We have had a lot of commentary on the Okoa Kenya draft Bill and that was just what the Okoa Kenya team wanted. The draft Bill is an invitation for a public debate on issues therein.

A lot of criticism of the bill are misguided and fail to contextualise the history of the process from its inception to where we are now.

One of the key proposals contained therein is a requirement for the Government to issue Identification Cards within 60 days of the application being made. Under Article 12 (1) (b) of the Constitution, every Kenyan is entitled to a registration/identification document including a passport and National Identity Card (ID). Last weekend at a meeting with young people from some universities within Nairobi, the students underscored the importance of putting the proposals in the Bill in “a language they could understand”.

Well it can’t get simpler than this; without an ID, one cannot vote, open a bank account, register a business, acquire a driving licence, transact mobile phone banking, purchase property, access higher education or even obtain formal employment; further, without this vital document, one finds oneself a victim of arbitrary arrest and extortion by the police on spurious grounds.

Needless to say, hindrance to easy access to critical documents like the Identity Card which enhance the enjoyment of rights and freedoms, is a violation of these very rights. Our experience with many of these constitutional entitlements has shown that they largely remain hollow because of our peculiar realities. It is one thing to have a right in this country and a different thing to actually enjoy the it. It is great irony for instance that the government has been touting programmes such as the Uwezo and Youth funds, and government tenders for youth, while fully aware that there are millions of youth unable to take advantage because they have been waiting for the all important ID card for eons.

Recently, the government put out a notice saying that issuance of IDs had come to a halt since “we had run out of photo paper”. These are the sort of unbelievable stories that lead one to conclude that something is afoot. It is clear that games are being played. Delaying of IDs is a weapon of economic subjugation aimed at keeping swathes of the population poor to ensure they continue to be politicians’ poodles.

Further, because registration as a voter is linked to possession of an ID, issuance of IDs has become political as well. The efficiency of registering Kenyans varies from region to region depending on whose political backyard it is. In opposition strongholds, issuance of the all important document is at best lethargic.

This is not a random occurrence. As I have said before, I do not believe in coincidence. Having noted that the opposition has invigorated the grassroots and sensitised the youth on the need to make their voices heard, a containment strategy has been crafted which involves a deliberate go slow on the issuance of ID cards.

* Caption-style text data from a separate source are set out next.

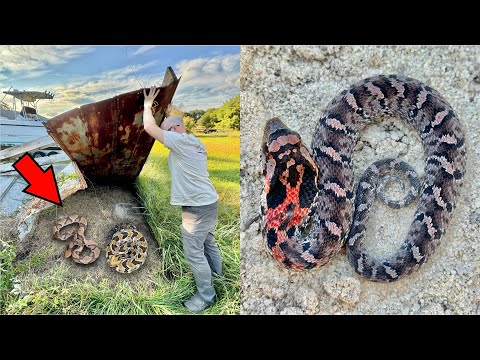 HUGE Rattlesnake Where We Least Expected it! (RARE)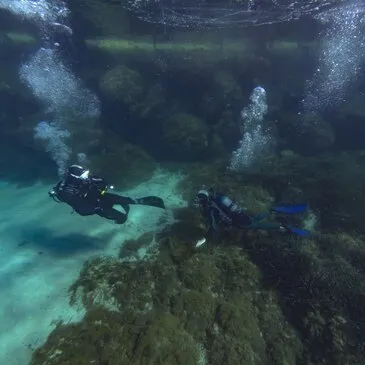 Baptême de plongée en région PACA et Corse Baptême de plongée en région PACA et Corse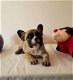 Franse Bulldog Pups - 2 - Thumbnail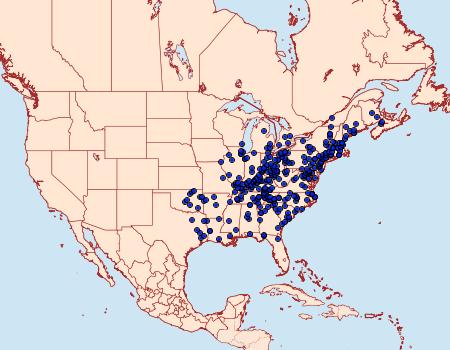 Distribution Data for Haploa clymene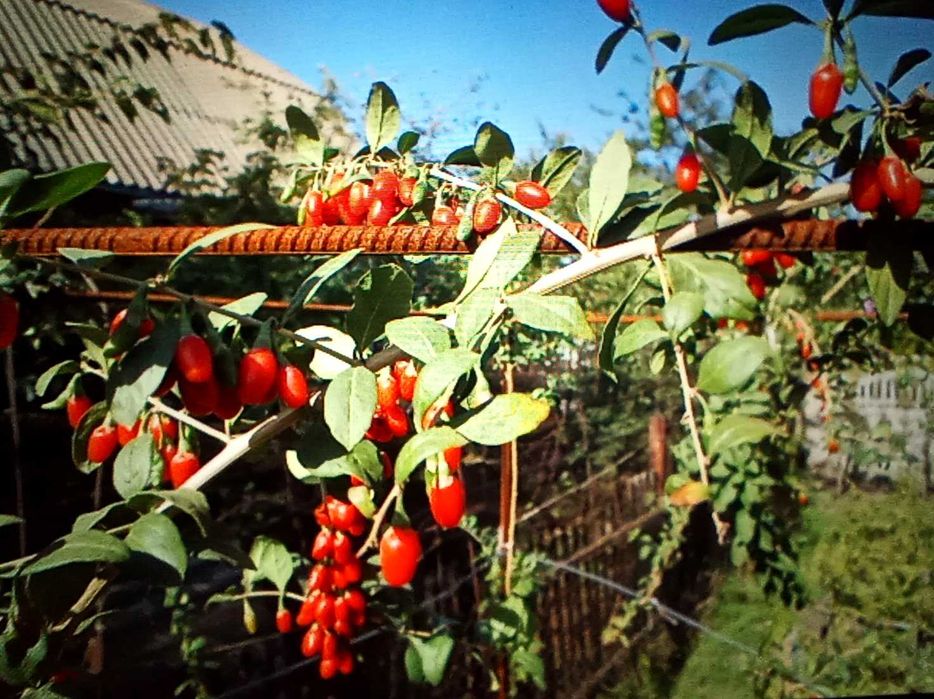 Годжи, сорт Сахарный Гигант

The figures tell a story of their own. According to the Kenya Facts and Figures 2014, an official publication of the Kenya National Bureau of Statistics, the number of IDs issued in 2011, a year before the elections was 1,413,842. The following year which happened to be an election year, the number of IDs issued ballooned to 2,282,378. The phrase tyranny of numbers takes on a whole new meaning. Having inflated the correct voting banks and made away with the election, the number of IDs made mysteriously dropped to 1,723,186 in 2013.

This sort of pattern would puzzle observers at a distance, but it is readily recognised by any Kenyan. It’s an advanced game of pre-emptive election rigging. The proposal by the Okoa Kenya team should help put a stop to these shenanigans.